We’re not going to take this silently. We’re not just going to move to the side and let them take these good paying jobs out of this community.
They’re making a big mistake. To put profit before people is damaging. When you have a community that has embraced you for all of these years, it’s just like turning your back on your best friend.
Shame on you. Shame on you to put us … After all these years of all this service that we done gave to them, we deserve better than this.
I don’t know where it’s going, but I know to this day, they haven’t given the employees a real reason why. I don’t know if they’re ashamed to say profits. Think about what this means to the people who put you where you are. I know how hard they work. I was one of them, and I allowed them to really work me harder than I should have been. But it was because of the love for the company. So to just turn your backs on it, why?

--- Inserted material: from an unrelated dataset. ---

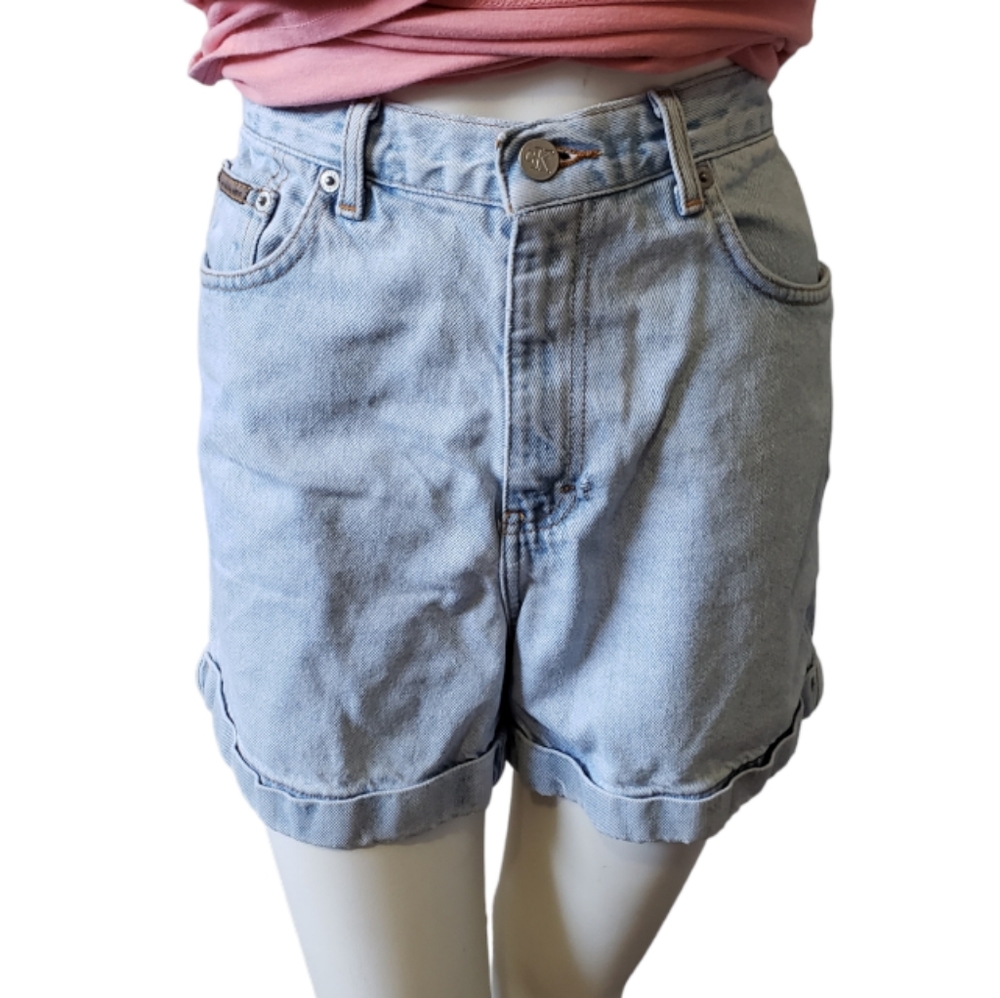 Calvin Klein Jeans size 8 basic cuffed enzyme washed cotton denim jean shorts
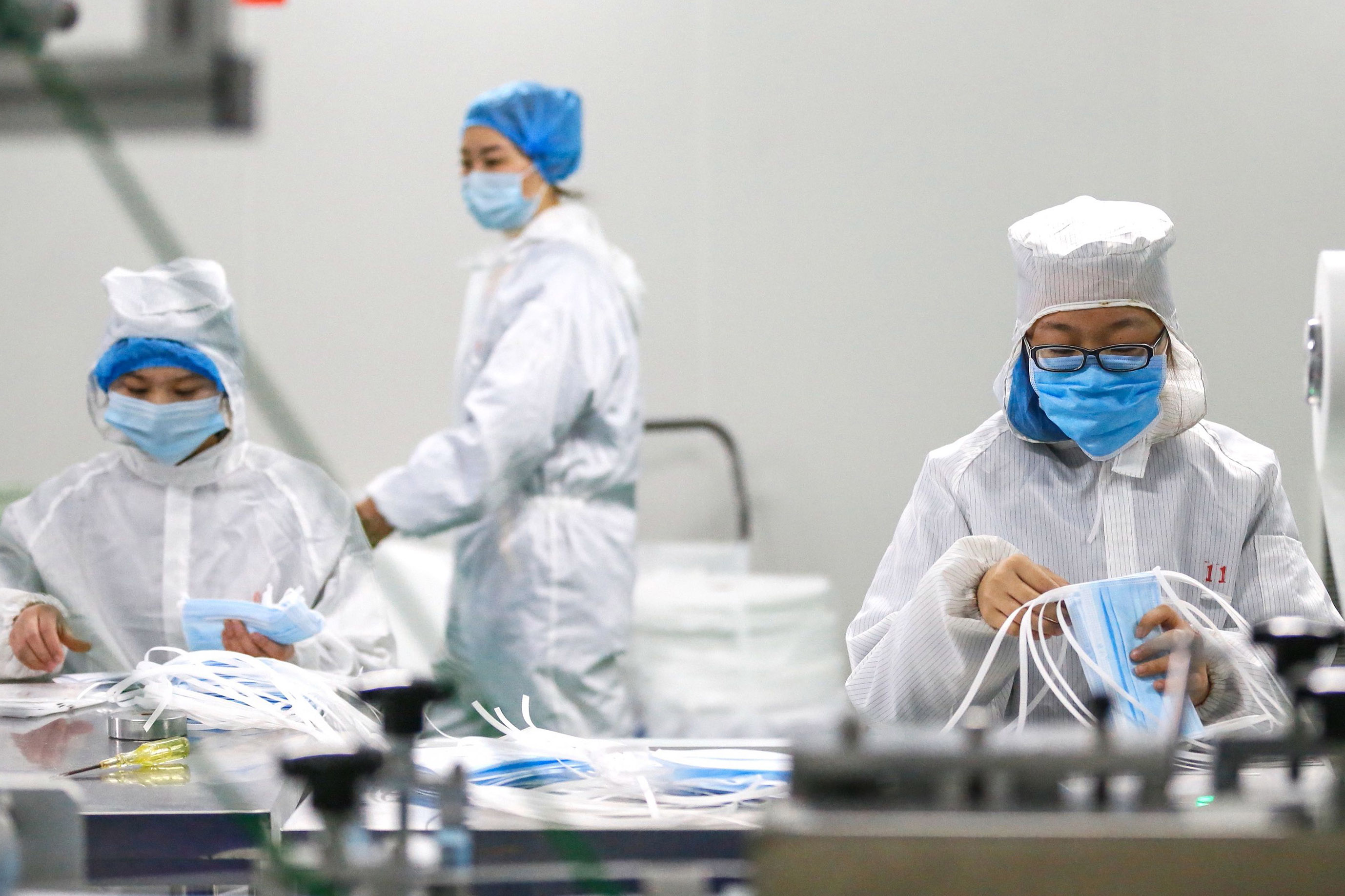 Produksi Masker dan Baju Pelindung Virus Korona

Well, I want them to remember that we were hardworking men and women and we cared about the community, we care about people. I want them to remember that we were in that place and we done it. So it can be done.
I would really hope and pray that they look back on 32nd and Center and know that that’s where they came from.
I’ll miss it.
This video was made in partnership with Workday Magazine and The Real News Network.